Short text fragments from websites

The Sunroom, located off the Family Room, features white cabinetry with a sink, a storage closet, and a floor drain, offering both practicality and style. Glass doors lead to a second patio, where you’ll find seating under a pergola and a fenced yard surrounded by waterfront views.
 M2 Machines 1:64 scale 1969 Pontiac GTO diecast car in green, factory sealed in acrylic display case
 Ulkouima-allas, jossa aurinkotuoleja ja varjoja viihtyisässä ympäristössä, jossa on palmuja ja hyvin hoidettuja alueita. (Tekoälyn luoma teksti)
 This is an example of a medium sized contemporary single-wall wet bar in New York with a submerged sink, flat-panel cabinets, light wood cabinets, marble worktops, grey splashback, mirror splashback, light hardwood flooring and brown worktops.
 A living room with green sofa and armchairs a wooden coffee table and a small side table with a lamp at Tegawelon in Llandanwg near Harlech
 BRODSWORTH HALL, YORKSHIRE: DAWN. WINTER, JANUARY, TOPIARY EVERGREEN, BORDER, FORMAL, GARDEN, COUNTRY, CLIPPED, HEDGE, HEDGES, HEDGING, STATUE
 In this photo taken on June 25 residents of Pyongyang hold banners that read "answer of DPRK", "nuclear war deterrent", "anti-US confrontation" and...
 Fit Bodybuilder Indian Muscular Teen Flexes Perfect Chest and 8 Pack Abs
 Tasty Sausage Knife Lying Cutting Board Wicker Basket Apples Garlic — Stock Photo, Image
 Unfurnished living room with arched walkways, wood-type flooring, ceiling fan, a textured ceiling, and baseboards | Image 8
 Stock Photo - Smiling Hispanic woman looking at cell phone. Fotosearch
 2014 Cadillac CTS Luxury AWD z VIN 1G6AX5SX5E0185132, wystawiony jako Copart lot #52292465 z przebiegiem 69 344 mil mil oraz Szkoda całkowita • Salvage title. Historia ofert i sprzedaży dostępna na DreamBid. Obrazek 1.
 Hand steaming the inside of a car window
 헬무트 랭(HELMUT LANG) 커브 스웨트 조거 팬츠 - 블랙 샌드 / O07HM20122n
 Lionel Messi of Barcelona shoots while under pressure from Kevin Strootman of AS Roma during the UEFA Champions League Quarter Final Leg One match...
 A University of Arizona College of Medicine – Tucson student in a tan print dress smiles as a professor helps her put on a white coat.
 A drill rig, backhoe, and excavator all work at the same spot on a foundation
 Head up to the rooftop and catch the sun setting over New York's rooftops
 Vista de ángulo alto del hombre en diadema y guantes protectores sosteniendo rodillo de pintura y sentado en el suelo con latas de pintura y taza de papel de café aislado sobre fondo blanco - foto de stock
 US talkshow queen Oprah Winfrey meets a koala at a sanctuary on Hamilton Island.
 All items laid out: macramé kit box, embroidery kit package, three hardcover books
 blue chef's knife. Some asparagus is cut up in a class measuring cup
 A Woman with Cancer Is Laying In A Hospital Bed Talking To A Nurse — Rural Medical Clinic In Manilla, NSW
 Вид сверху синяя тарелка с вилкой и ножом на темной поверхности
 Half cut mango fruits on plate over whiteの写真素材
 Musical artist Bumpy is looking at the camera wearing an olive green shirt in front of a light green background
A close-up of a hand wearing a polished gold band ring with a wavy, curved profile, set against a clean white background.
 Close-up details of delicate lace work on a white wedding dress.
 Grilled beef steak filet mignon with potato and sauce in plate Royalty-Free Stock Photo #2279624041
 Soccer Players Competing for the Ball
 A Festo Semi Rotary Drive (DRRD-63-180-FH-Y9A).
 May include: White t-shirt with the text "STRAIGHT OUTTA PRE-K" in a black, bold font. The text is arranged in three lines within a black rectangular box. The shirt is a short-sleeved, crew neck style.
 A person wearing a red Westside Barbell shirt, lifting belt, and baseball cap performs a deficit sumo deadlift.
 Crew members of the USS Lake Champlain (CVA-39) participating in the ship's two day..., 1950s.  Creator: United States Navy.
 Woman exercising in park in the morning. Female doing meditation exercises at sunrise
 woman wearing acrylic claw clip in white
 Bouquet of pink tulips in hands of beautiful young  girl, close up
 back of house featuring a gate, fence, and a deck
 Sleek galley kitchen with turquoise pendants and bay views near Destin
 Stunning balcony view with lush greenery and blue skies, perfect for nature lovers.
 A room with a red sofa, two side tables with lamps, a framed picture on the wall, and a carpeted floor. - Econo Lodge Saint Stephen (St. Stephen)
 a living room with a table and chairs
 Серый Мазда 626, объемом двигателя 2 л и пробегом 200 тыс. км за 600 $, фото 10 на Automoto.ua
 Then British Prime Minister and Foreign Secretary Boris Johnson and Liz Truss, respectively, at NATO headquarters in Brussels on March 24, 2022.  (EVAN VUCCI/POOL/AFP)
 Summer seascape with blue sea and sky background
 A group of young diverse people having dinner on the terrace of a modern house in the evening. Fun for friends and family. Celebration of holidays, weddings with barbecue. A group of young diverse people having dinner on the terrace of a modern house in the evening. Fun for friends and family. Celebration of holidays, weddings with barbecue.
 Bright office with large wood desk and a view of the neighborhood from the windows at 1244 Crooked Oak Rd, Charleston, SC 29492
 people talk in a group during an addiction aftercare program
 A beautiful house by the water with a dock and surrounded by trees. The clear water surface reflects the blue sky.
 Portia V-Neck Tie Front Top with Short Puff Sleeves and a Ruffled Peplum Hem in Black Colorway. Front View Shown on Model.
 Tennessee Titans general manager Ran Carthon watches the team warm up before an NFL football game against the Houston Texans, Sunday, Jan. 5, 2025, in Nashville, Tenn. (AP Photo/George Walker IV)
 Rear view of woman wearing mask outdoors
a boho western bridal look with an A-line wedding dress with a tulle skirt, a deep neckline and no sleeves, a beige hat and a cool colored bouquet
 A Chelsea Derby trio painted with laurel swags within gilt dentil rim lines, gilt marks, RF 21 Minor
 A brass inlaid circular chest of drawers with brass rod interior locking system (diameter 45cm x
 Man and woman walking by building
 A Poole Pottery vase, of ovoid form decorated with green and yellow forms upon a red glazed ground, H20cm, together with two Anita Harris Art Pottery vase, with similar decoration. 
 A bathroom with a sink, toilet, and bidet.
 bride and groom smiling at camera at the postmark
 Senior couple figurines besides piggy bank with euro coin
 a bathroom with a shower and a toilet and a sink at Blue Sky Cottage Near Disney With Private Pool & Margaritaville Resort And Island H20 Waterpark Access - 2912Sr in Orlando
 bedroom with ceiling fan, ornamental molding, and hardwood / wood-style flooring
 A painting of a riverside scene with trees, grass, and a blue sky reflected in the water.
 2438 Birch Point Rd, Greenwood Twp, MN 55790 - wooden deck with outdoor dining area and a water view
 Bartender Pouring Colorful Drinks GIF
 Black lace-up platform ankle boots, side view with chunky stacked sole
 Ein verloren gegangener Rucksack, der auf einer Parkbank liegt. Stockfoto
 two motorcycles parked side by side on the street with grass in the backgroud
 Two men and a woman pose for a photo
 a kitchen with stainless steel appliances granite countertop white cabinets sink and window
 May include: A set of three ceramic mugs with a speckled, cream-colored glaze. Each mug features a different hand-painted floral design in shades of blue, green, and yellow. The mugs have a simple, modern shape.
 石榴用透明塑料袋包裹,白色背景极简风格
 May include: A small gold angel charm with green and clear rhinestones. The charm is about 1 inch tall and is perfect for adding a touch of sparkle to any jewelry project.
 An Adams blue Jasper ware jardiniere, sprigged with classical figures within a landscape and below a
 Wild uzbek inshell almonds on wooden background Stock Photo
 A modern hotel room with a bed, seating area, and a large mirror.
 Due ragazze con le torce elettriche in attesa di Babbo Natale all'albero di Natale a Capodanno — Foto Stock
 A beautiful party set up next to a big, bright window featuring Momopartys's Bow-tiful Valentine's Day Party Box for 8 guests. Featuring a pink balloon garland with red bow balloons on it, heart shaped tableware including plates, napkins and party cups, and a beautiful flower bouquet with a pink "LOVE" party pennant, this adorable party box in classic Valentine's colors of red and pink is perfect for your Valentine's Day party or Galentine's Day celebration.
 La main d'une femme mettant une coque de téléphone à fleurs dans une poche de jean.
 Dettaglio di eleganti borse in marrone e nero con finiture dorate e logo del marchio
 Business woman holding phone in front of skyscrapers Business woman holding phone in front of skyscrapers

→ **WHAT THE TASK ASKS**: Above are the entries. Quote exactly the lines from the one bearing "May include: A small" through the one bearing "An Adams blue".

→ **RESULT OF THE EXERCISE**:
 May include: A small gold angel charm with green and clear rhinestones. The charm is about 1 inch tall and is perfect for adding a touch of sparkle to any jewelry project.
 An Adams blue Jasper ware jardiniere, sprigged with classical figures within a landscape and below a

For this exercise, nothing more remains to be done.